What is needed
Retype the lines below exactly, but only those from the line that has "Fototapeta premium タンポポのクローズアップ" through the line that has "Gore trava i nisko raslinje". Omit every picture.

Entries supplied

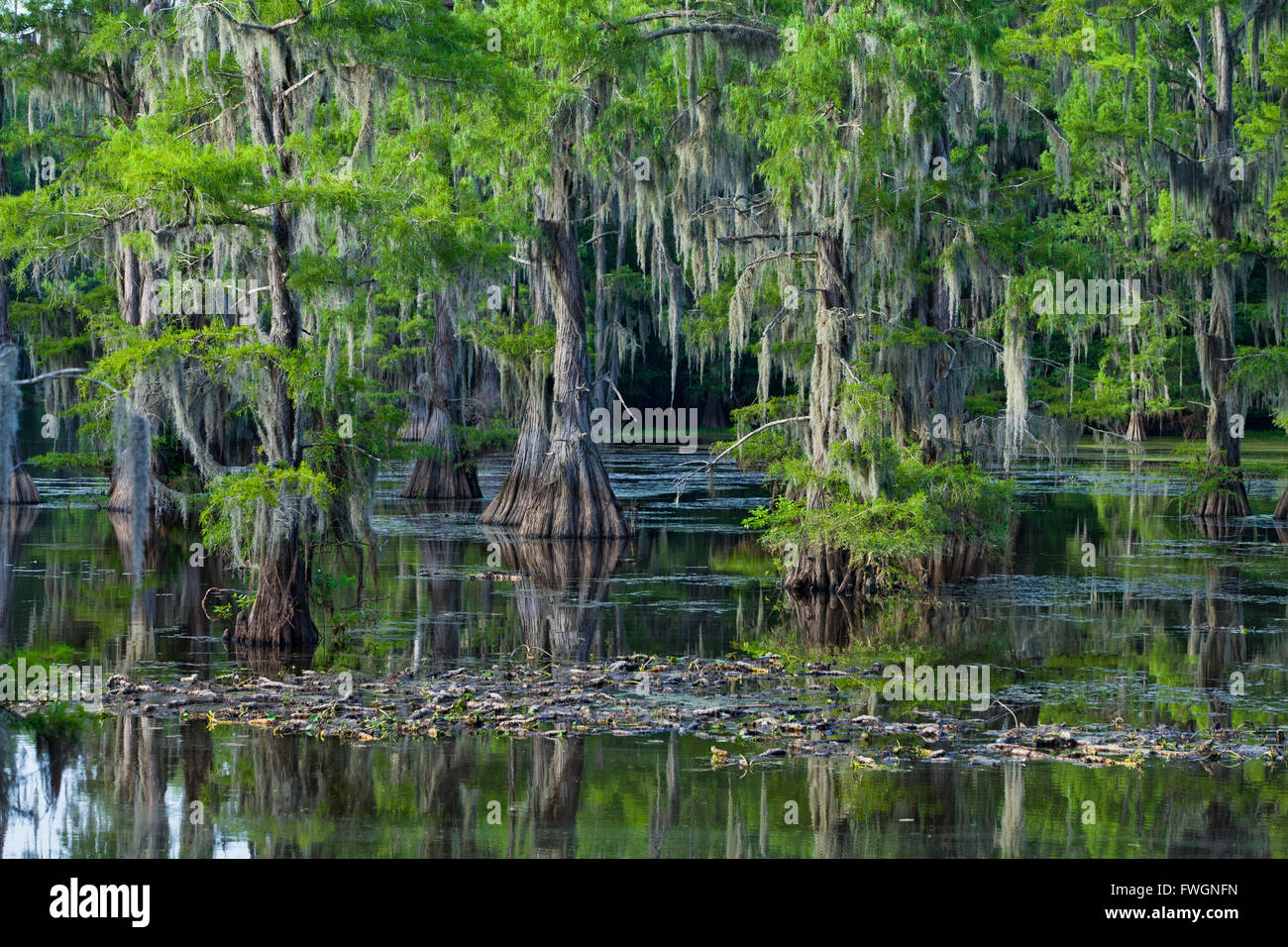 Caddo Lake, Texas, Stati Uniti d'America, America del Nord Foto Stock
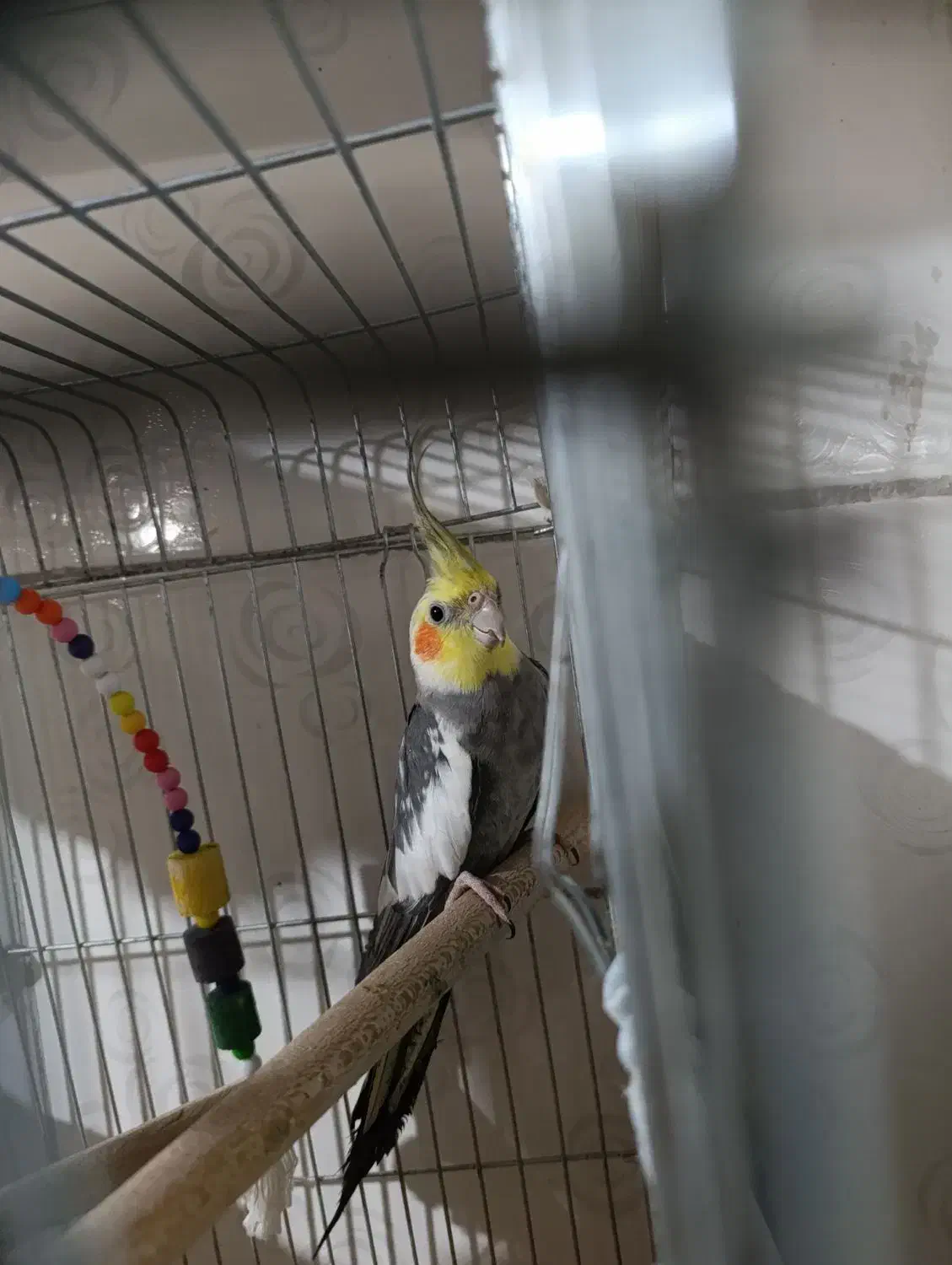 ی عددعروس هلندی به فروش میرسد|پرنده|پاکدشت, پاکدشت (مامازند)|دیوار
* * *
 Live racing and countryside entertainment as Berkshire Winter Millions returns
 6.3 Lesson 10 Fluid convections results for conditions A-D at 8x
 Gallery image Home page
* * *
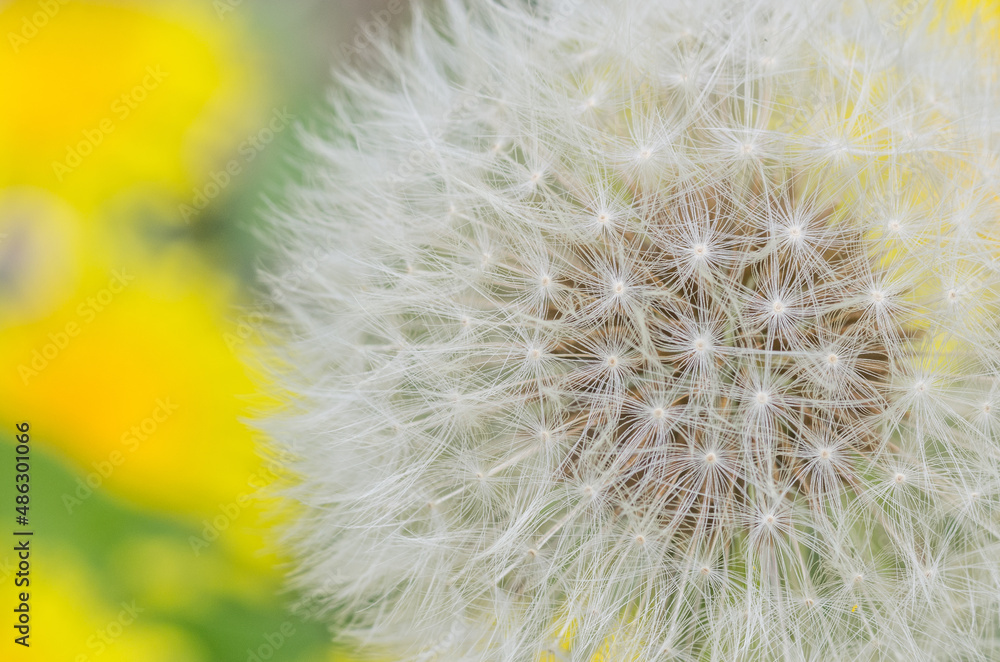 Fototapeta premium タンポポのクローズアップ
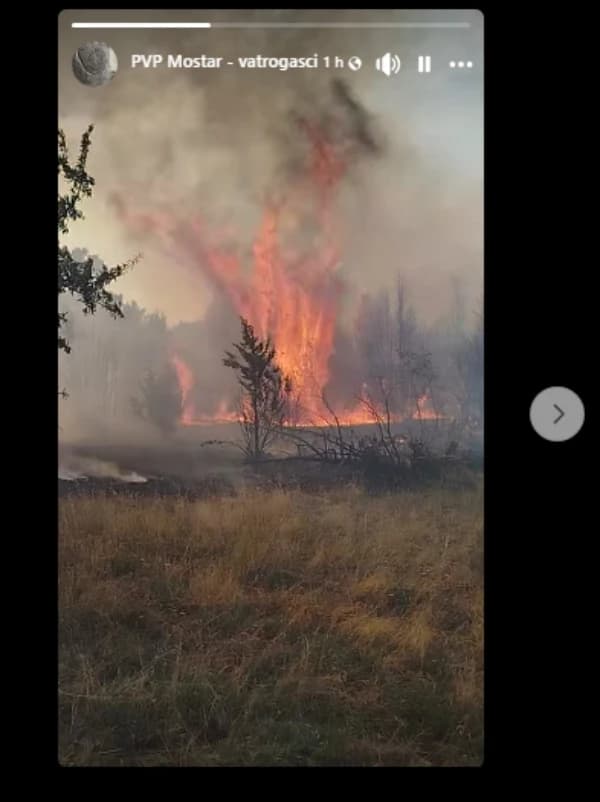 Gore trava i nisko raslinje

Your response
 Fototapeta premium タンポポのクローズアップ
 Gore trava i nisko raslinje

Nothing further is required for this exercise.